Every production codebase that touches an AI API eventually hits the same wall: prompts scattered across files, duplicated logic in every handler, and zero ability to A/B test or version anything. The fix isn't a framework — it's a pattern. This guide walks through building reusable prompt templates in Python and TypeScript that you can version, test, and swap without redeploying your app.
Why Raw Strings Break at Scale
Most AI integrations start the same way. You concatenate a string, ship it to the API, and move on. Three months later, the same prompt exists in fourteen places with slightly different wording, and nobody knows which version performs better.
The core problems with raw prompt strings:
- No type safety — missing a variable silently produces garbage output
- No versioning — you can't roll back a prompt change without a full redeploy
- No testability — you can't unit test prompt construction separate from API calls
- Injection risk — user input injected directly into prompts opens the door to prompt injection
- Duplication — shared logic (output format, tone, guardrails) gets copy-pasted everywhere
The solution is straightforward: treat prompts like code. Give them types, versions, and tests.

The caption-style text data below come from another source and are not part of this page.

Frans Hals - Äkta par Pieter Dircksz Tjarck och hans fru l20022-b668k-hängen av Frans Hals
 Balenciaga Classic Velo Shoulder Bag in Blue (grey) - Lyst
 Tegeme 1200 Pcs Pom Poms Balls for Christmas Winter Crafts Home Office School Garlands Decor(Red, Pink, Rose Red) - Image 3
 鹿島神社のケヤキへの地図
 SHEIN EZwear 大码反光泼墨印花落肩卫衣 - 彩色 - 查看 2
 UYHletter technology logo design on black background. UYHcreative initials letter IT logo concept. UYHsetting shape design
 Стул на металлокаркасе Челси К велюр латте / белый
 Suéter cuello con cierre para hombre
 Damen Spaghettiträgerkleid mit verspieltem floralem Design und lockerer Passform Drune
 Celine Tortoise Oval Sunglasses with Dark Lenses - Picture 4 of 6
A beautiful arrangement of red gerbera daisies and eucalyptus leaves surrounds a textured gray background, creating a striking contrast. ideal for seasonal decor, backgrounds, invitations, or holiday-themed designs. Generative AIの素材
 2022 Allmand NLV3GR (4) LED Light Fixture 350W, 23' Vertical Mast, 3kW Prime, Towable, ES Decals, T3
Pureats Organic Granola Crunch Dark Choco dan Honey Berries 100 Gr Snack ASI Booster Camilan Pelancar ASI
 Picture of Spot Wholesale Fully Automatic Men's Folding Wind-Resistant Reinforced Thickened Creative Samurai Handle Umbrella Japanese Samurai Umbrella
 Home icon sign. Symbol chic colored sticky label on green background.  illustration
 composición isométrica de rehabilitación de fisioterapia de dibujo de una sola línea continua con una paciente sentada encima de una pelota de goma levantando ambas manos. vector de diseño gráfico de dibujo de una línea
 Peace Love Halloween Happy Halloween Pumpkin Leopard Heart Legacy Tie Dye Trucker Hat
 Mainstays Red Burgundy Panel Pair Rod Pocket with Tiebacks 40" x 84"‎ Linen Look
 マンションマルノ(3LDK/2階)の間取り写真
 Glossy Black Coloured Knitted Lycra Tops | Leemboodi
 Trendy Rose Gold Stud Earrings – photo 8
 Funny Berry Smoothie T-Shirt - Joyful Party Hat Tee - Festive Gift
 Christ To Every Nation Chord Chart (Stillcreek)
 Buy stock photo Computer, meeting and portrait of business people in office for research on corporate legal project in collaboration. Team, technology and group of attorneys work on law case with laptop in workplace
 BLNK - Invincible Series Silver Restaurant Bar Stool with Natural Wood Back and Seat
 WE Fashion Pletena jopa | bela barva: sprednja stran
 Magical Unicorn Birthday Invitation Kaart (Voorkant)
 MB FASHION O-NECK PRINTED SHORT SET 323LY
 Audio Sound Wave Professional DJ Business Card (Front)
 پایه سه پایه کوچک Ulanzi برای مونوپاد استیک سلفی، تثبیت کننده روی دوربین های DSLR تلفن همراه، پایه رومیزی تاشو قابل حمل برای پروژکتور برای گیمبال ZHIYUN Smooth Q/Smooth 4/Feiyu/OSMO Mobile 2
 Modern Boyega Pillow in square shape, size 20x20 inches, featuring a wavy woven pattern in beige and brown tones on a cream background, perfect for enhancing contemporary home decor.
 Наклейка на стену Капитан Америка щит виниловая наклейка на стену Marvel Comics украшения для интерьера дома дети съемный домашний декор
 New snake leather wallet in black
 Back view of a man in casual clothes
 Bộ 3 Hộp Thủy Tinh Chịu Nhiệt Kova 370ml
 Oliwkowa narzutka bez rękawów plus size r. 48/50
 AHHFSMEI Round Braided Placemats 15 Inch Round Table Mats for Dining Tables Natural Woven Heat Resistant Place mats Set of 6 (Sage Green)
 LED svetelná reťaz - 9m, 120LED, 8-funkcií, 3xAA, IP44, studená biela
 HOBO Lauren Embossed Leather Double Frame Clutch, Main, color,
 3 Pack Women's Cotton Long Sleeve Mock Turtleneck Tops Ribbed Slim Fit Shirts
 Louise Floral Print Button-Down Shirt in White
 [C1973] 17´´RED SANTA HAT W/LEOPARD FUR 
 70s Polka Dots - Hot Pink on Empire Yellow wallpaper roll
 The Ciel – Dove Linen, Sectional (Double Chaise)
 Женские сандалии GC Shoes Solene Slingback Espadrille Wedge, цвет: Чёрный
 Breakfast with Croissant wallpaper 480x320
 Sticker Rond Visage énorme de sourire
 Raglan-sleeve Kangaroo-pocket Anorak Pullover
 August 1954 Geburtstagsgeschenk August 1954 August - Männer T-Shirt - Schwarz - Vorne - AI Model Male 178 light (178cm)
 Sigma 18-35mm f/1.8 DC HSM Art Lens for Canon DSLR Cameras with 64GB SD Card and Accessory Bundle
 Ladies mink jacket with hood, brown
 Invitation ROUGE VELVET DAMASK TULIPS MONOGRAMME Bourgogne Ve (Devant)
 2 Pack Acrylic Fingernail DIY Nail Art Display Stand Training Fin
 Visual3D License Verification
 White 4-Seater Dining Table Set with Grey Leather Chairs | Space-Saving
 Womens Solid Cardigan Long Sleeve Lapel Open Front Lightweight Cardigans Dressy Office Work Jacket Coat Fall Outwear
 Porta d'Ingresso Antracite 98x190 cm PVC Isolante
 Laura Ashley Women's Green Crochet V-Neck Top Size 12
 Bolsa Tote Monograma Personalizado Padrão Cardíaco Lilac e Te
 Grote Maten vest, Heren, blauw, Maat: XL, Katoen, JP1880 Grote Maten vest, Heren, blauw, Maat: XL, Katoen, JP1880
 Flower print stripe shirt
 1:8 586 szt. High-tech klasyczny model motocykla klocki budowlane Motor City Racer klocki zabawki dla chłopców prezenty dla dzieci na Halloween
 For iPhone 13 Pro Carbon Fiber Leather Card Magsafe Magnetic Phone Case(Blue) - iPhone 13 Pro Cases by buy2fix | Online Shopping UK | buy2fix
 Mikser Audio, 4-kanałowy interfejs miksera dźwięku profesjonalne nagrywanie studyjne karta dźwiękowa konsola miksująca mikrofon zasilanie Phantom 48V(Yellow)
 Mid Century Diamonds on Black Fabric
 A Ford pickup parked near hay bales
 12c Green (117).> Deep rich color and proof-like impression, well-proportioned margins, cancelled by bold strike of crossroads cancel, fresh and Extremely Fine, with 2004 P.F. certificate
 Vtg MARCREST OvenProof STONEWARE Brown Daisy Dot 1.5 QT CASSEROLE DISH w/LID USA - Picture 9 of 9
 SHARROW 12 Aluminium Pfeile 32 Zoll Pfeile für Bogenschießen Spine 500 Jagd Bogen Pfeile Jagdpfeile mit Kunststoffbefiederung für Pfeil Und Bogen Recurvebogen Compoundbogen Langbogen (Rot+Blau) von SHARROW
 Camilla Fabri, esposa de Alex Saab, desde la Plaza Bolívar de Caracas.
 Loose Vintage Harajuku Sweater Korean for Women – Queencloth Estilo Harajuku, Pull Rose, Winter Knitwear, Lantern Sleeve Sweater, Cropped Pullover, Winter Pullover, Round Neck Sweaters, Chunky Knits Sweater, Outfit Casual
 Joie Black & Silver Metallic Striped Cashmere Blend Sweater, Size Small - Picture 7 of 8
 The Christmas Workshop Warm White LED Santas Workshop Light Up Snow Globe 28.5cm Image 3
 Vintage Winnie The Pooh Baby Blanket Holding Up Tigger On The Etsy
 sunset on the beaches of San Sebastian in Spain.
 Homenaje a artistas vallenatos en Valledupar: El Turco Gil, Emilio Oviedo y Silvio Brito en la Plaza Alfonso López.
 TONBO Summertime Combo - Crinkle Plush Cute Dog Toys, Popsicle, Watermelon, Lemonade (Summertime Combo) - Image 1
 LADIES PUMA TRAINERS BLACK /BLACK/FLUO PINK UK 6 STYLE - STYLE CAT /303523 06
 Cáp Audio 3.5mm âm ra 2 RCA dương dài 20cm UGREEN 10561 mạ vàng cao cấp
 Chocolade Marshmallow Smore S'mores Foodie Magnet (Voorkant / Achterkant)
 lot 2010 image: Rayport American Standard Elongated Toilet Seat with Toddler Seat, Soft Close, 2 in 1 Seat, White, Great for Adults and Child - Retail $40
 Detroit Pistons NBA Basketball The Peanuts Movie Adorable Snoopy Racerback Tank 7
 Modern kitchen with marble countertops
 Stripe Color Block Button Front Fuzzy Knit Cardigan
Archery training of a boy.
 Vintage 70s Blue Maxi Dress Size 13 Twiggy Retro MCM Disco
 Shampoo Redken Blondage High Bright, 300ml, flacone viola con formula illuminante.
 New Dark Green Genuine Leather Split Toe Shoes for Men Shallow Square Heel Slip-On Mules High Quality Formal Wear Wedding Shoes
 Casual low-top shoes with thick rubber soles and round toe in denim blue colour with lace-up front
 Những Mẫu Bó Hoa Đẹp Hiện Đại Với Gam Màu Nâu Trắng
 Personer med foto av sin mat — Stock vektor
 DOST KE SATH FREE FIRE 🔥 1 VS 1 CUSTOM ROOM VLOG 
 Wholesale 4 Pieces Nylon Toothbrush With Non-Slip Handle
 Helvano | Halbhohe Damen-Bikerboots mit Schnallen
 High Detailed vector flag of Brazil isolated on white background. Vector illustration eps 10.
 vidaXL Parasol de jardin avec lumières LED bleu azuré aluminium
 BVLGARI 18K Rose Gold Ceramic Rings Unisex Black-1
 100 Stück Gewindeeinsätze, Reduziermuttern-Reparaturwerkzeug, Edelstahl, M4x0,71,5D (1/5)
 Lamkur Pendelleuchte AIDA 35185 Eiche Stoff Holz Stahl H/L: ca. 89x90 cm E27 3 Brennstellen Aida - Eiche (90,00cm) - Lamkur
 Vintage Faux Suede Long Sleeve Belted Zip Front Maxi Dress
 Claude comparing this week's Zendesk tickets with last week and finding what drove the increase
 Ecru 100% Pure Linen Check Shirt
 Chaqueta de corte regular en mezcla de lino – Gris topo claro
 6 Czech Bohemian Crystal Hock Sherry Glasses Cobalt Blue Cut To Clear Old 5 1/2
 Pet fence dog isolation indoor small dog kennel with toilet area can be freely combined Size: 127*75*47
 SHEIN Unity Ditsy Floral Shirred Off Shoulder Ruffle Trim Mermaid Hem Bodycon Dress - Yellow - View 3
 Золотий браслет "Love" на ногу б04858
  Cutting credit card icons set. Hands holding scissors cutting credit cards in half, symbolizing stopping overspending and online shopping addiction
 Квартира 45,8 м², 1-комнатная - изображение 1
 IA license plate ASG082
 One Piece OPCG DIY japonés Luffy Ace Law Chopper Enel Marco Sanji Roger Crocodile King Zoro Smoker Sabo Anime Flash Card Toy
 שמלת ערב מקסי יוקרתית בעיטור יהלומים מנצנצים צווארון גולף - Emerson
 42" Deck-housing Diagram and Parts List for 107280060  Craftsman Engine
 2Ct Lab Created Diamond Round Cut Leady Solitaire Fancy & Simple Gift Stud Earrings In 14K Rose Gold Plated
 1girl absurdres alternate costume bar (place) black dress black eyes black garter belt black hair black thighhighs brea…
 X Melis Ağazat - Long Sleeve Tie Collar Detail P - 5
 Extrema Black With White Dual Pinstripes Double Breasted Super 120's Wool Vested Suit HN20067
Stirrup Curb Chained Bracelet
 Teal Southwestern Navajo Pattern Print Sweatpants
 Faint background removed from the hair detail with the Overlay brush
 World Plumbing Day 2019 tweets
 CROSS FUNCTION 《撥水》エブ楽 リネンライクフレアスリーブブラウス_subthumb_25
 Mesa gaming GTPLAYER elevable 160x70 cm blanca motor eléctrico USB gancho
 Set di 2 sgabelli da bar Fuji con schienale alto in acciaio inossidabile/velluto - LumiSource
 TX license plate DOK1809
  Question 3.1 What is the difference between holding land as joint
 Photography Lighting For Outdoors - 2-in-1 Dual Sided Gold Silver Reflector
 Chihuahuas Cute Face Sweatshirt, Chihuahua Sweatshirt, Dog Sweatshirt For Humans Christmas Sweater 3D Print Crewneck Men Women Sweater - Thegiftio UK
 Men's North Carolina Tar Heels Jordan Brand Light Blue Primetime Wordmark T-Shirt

Evolution of prompt management — from raw strings to versioned template registries
Building a Prompt Template Class in Python
Start with a minimal template class that validates variables at construction time. This catches missing or extra variables before the prompt ever reaches the API.
import re
from dataclasses import dataclass, field
@dataclass
class PromptTemplate:
name: str
system: str
user: str
model: str = "claude-sonnet-4-20250514"
temperature: float = 0.3
max_tokens: int = 2048
version: str = "1.0"
def _extract_vars(self, template: str) -> set:
return set(re.findall(r"\{\{(\w+)\}\}", template))
def render(self, **kwargs) -> dict:
# Validate all variables are provided
required = self._extract_vars(self.system) | self._extract_vars(self.user)
provided = set(kwargs.keys())
missing = required - provided
if missing:
raise ValueError(f"Missing variables: {missing}")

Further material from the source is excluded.